Nothing in the data may change. Copy all of it exactly.

[Scraped caption text data]
________________________

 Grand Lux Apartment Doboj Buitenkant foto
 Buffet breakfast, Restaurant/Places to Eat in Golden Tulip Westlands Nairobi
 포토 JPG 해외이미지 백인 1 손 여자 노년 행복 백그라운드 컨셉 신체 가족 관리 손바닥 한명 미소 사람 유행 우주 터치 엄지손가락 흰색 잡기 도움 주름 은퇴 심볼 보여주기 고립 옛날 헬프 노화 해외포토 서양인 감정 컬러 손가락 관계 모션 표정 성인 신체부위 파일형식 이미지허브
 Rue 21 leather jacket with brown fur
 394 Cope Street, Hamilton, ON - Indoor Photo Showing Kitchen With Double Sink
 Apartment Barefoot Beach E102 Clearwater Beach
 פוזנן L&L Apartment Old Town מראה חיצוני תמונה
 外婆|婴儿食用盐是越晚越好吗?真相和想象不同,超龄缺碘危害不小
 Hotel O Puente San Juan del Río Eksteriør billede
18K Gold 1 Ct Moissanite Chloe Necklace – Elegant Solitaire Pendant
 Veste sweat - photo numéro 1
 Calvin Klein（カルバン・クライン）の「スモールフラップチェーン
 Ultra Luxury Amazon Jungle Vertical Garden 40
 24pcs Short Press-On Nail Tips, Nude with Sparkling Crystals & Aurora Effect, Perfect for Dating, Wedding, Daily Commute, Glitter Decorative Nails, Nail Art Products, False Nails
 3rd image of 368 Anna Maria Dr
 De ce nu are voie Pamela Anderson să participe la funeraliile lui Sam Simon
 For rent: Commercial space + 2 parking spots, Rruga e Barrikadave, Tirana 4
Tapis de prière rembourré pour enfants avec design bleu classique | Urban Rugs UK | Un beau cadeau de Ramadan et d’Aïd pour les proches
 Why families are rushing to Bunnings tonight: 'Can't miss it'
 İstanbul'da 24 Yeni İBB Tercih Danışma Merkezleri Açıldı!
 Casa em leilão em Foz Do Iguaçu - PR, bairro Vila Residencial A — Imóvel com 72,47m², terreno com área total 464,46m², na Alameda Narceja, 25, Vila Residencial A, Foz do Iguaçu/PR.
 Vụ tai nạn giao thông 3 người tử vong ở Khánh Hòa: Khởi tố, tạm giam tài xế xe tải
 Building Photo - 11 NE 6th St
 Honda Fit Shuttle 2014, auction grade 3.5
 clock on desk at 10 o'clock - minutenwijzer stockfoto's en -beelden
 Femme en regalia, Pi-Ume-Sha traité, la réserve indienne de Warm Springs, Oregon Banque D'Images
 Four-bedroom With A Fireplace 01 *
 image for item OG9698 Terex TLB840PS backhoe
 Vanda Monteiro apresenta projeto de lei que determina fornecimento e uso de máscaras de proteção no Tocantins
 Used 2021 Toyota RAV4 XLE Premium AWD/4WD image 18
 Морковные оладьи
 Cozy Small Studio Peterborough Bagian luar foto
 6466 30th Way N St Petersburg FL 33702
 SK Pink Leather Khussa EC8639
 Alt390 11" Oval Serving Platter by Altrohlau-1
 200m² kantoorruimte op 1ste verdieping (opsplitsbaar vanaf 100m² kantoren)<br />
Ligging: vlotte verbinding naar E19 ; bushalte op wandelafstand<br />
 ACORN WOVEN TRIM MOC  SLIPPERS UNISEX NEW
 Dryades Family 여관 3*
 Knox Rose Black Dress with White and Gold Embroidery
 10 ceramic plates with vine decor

________________________

The answer
 Grand Lux Apartment Doboj Buitenkant foto
 Buffet breakfast, Restaurant/Places to Eat in Golden Tulip Westlands Nairobi
 포토 JPG 해외이미지 백인 1 손 여자 노년 행복 백그라운드 컨셉 신체 가족 관리 손바닥 한명 미소 사람 유행 우주 터치 엄지손가락 흰색 잡기 도움 주름 은퇴 심볼 보여주기 고립 옛날 헬프 노화 해외포토 서양인 감정 컬러 손가락 관계 모션 표정 성인 신체부위 파일형식 이미지허브
 Rue 21 leather jacket with brown fur
 394 Cope Street, Hamilton, ON - Indoor Photo Showing Kitchen With Double Sink
 Apartment Barefoot Beach E102 Clearwater Beach
 פוזנן L&L Apartment Old Town מראה חיצוני תמונה
 外婆|婴儿食用盐是越晚越好吗?真相和想象不同,超龄缺碘危害不小
 Hotel O Puente San Juan del Río Eksteriør billede
18K Gold 1 Ct Moissanite Chloe Necklace – Elegant Solitaire Pendant
 Veste sweat - photo numéro 1
 Calvin Klein（カルバン・クライン）の「スモールフラップチェーン
 Ultra Luxury Amazon Jungle Vertical Garden 40
 24pcs Short Press-On Nail Tips, Nude with Sparkling Crystals & Aurora Effect, Perfect for Dating, Wedding, Daily Commute, Glitter Decorative Nails, Nail Art Products, False Nails
 3rd image of 368 Anna Maria Dr
 De ce nu are voie Pamela Anderson să participe la funeraliile lui Sam Simon
 For rent: Commercial space + 2 parking spots, Rruga e Barrikadave, Tirana 4
Tapis de prière rembourré pour enfants avec design bleu classique | Urban Rugs UK | Un beau cadeau de Ramadan et d’Aïd pour les proches
 Why families are rushing to Bunnings tonight: 'Can't miss it'
 İstanbul'da 24 Yeni İBB Tercih Danışma Merkezleri Açıldı!
 Casa em leilão em Foz Do Iguaçu - PR, bairro Vila Residencial A — Imóvel com 72,47m², terreno com área total 464,46m², na Alameda Narceja, 25, Vila Residencial A, Foz do Iguaçu/PR.
 Vụ tai nạn giao thông 3 người tử vong ở Khánh Hòa: Khởi tố, tạm giam tài xế xe tải
 Building Photo - 11 NE 6th St
 Honda Fit Shuttle 2014, auction grade 3.5
 clock on desk at 10 o'clock - minutenwijzer stockfoto's en -beelden
 Femme en regalia, Pi-Ume-Sha traité, la réserve indienne de Warm Springs, Oregon Banque D'Images
 Four-bedroom With A Fireplace 01 *
 image for item OG9698 Terex TLB840PS backhoe
 Vanda Monteiro apresenta projeto de lei que determina fornecimento e uso de máscaras de proteção no Tocantins
 Used 2021 Toyota RAV4 XLE Premium AWD/4WD image 18
 Морковные оладьи
 Cozy Small Studio Peterborough Bagian luar foto
 6466 30th Way N St Petersburg FL 33702
 SK Pink Leather Khussa EC8639
 Alt390 11" Oval Serving Platter by Altrohlau-1
 200m² kantoorruimte op 1ste verdieping (opsplitsbaar vanaf 100m² kantoren)<br />
Ligging: vlotte verbinding naar E19 ; bushalte op wandelafstand<br />
 ACORN WOVEN TRIM MOC  SLIPPERS UNISEX NEW
 Dryades Family 여관 3*
 Knox Rose Black Dress with White and Gold Embroidery
 10 ceramic plates with vine decor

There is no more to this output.